#### PROVIDED ENTRIES ####
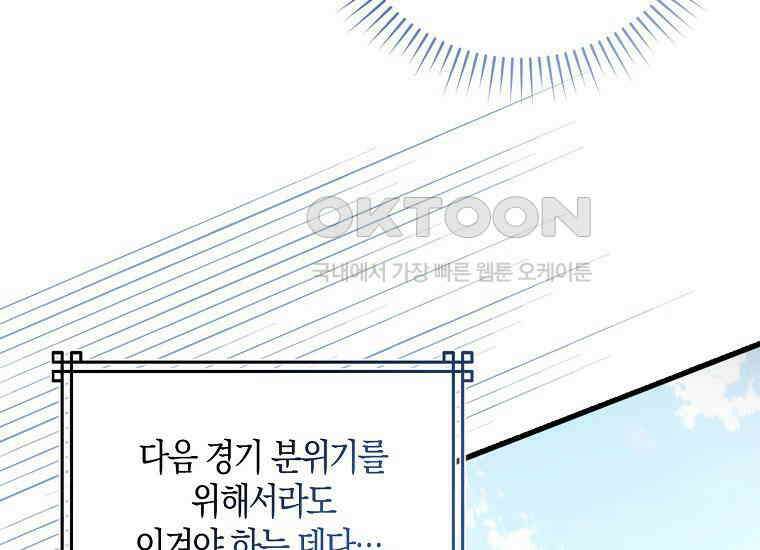 화산파 막내제자가 되었다 28화 15
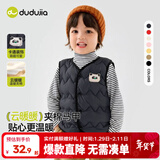 嘟嘟家儿童背心加厚秋冬过年红色男童马甲冬季保暖童装女童棉服马夹上衣 岩石灰 100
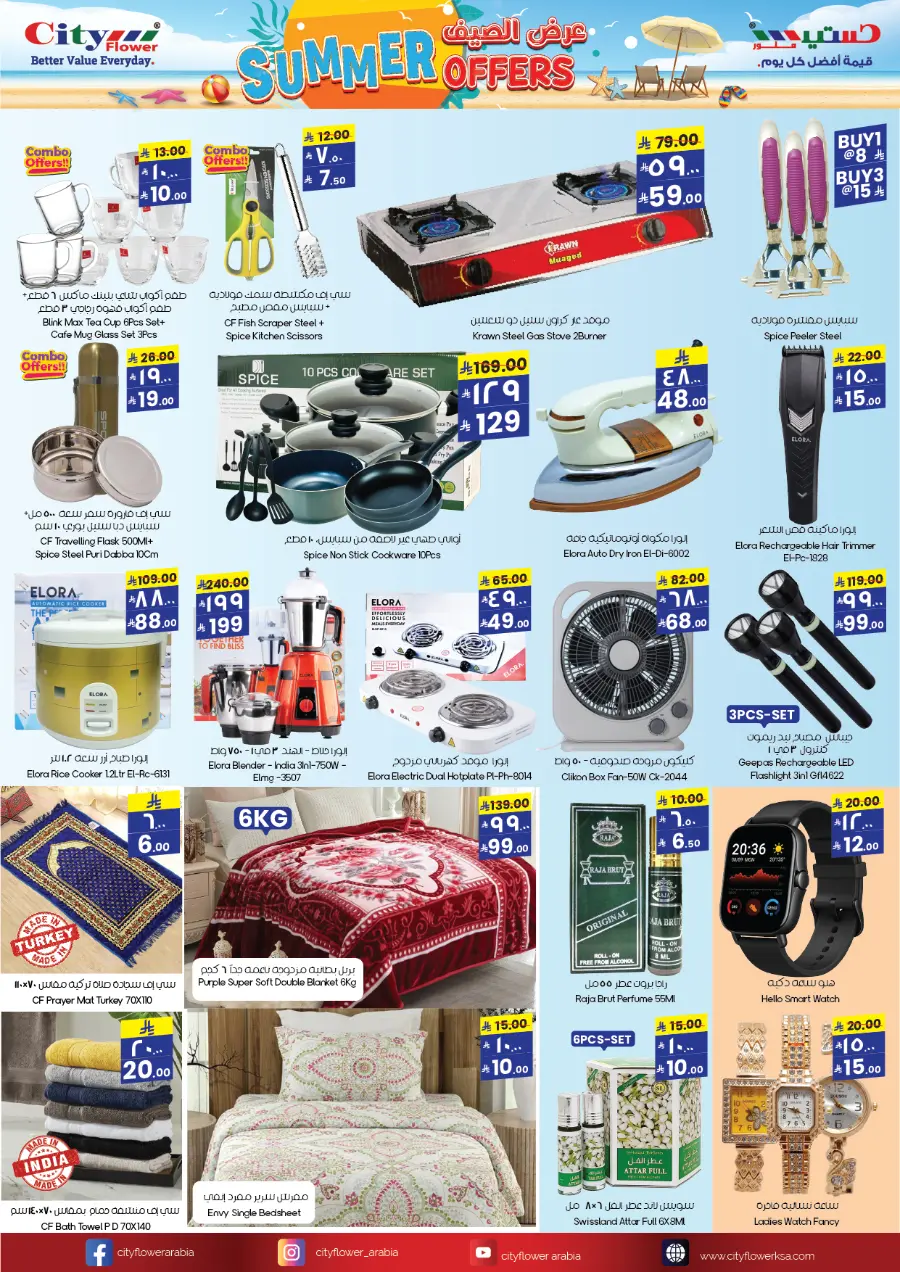Summer Offer In City flower Khafji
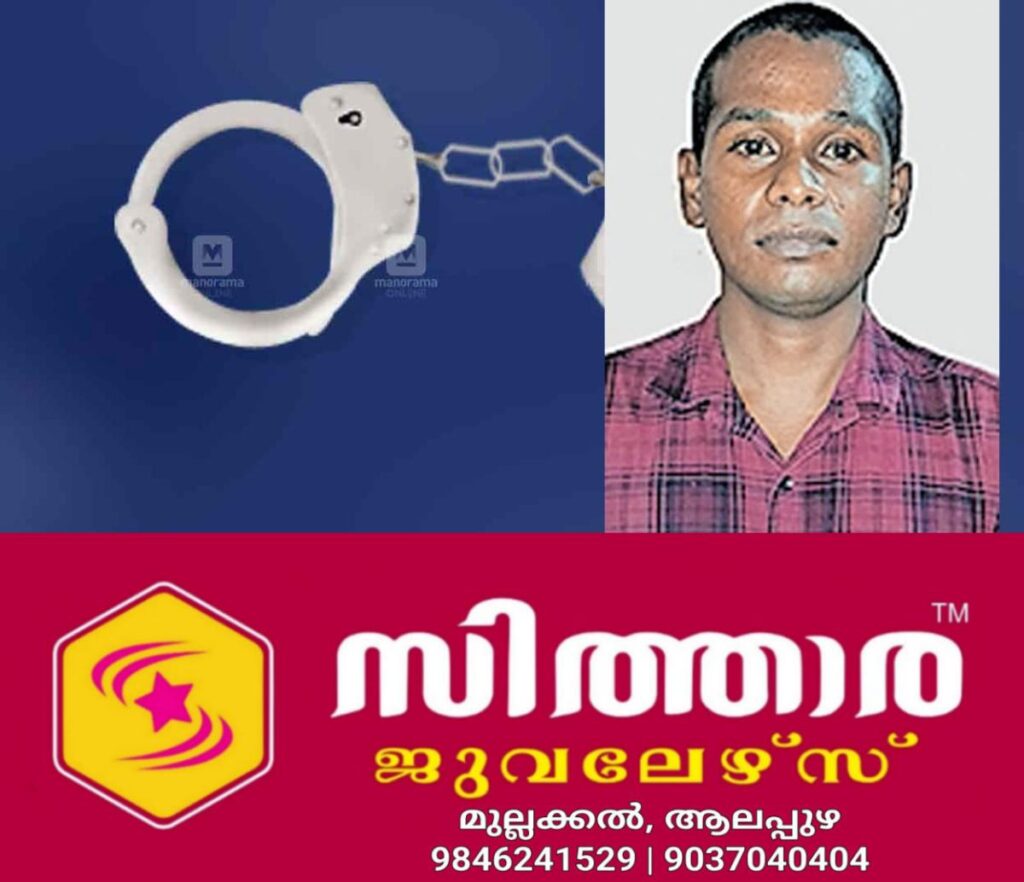 newskerala.net_1761335182_binuraj
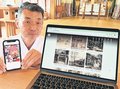 地域と歩んだ日吉社（南砺）紹介　ＨＰ作成、歴史や写真掲載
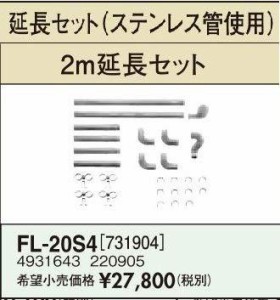 サンポット FL20S4(FL-20S4)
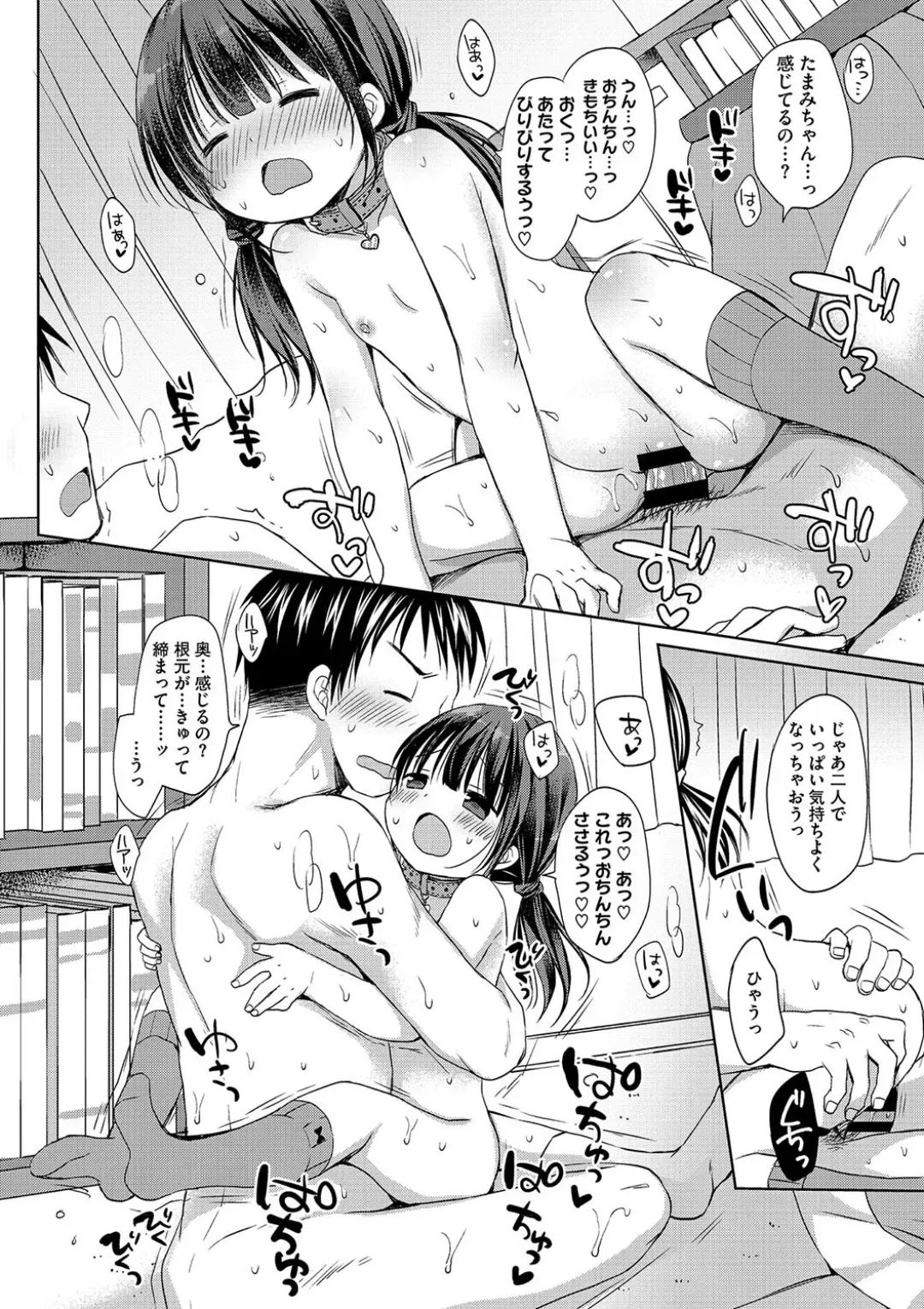 Page 193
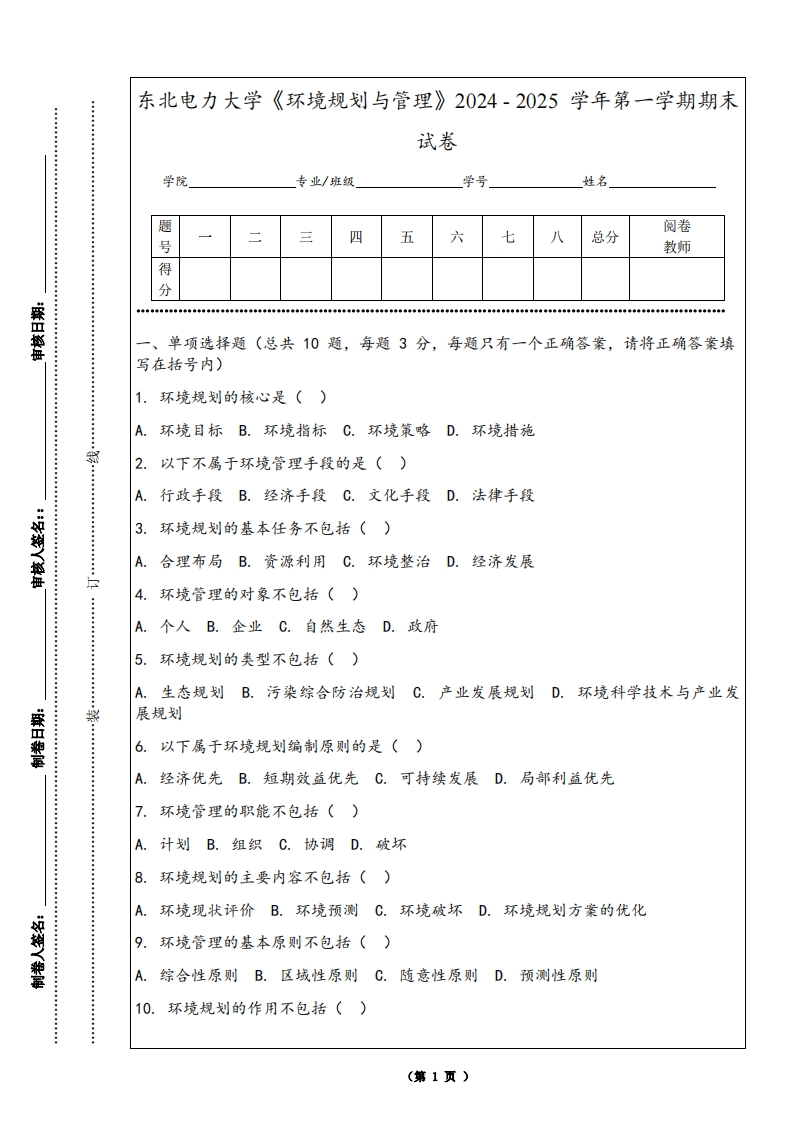 东北电力大学《环境规划与管理》2024-2025学年第一学期期末试卷-学习资源网 - 学习助手专注分享优质学习资源
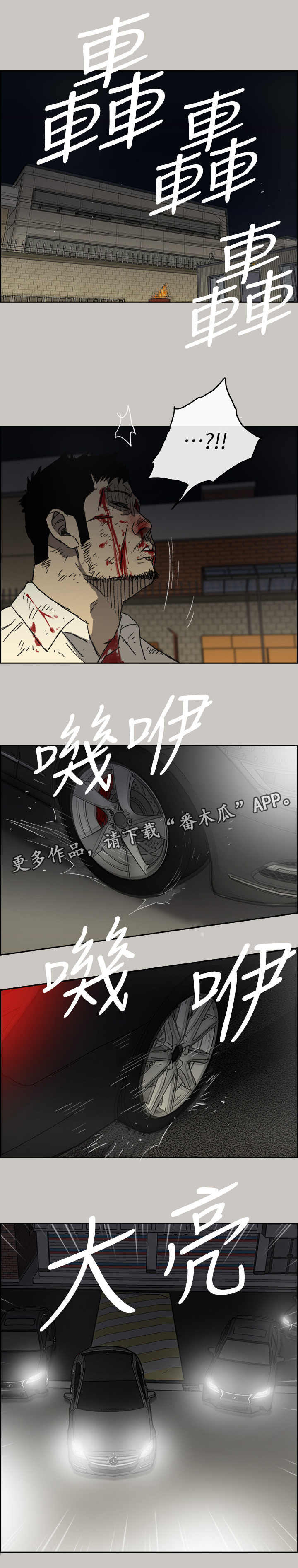 第104章：快跑9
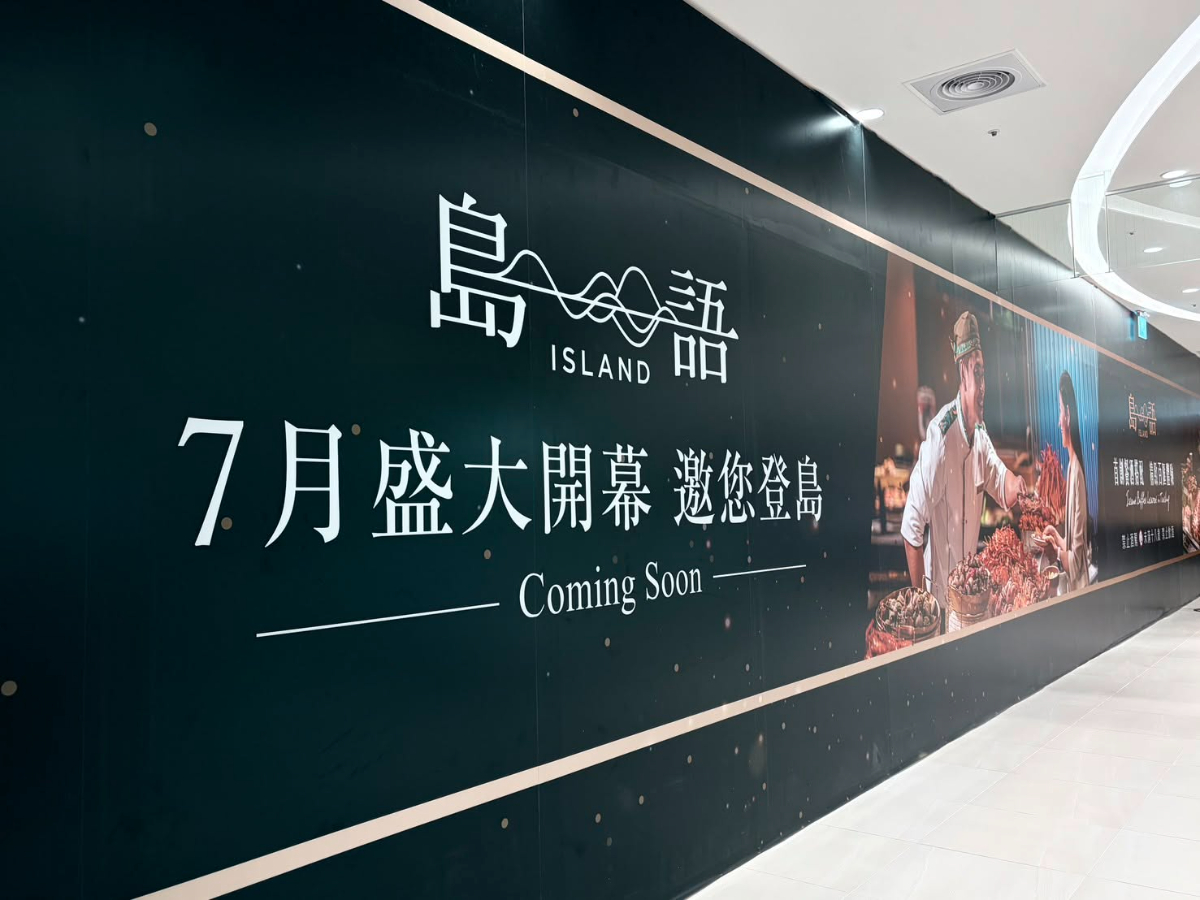 吃到飽控注意！旭集、島語台中首店開幕日期曝光，推薦菜色、價位整理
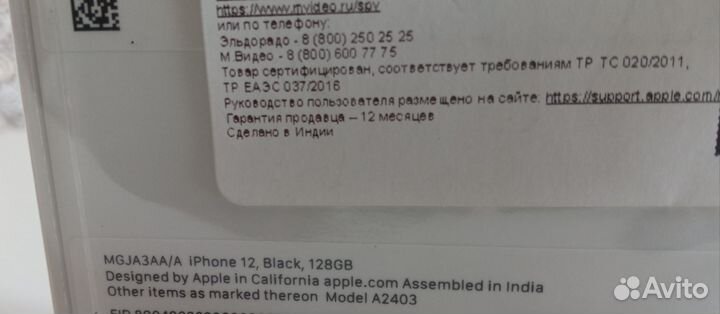iPhone 12, 128 ГБ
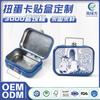Acg Gashapon Desenho Animado Caixa de Ferro Impressa com Logo Caixa Surpresa IP Tendência Twist Mini Bolsa de Ombro Caixa de Folha de Flandres Personalização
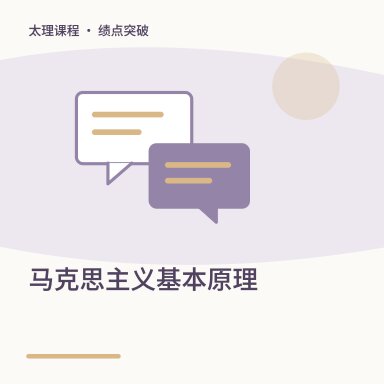 马克思主义基本原理·绩点突破配图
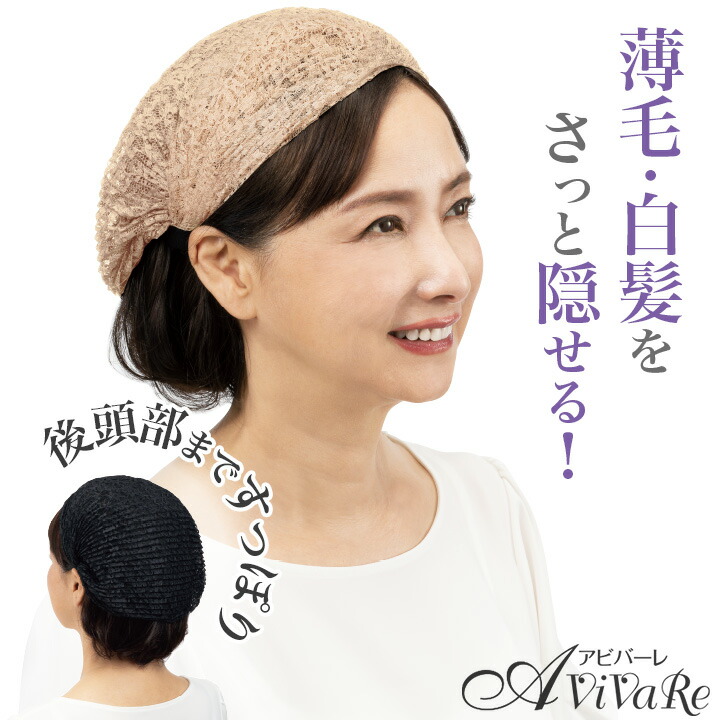 楽天市場】【100円クーポン有】大人のレースカチューシャ ヘアアクセ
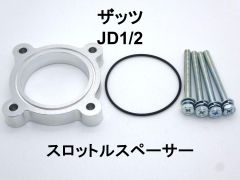 ホンダ ザッツ (JD1/2) スロットルスペーサー E07Z 日本製 NS-WORKS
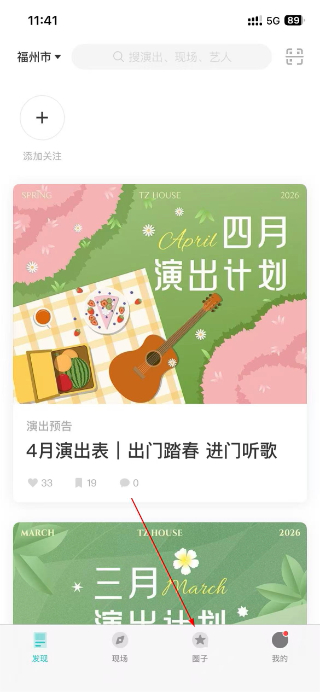 听果音乐app安卓版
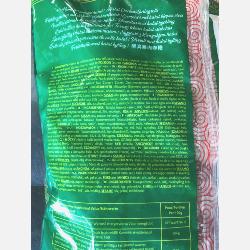 50 NEMS AU POULET HALAL HOA NAM 2 KG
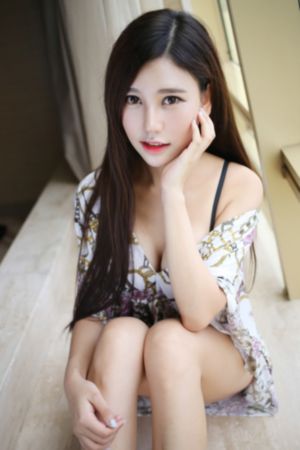 极度诱惑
####
Exact text is required for the lines from the one with "马克思主义基本原理·绩点突破配图" through the last line of the entries, both included. Omit pictures.

 马克思主义基本原理·绩点突破配图
 楽天市場】【100円クーポン有】大人のレースカチューシャ ヘアアクセ
 ホンダ ザッツ (JD1/2) スロットルスペーサー E07Z 日本製 NS-WORKS
 听果音乐app安卓版
 50 NEMS AU POULET HALAL HOA NAM 2 KG
 极度诱惑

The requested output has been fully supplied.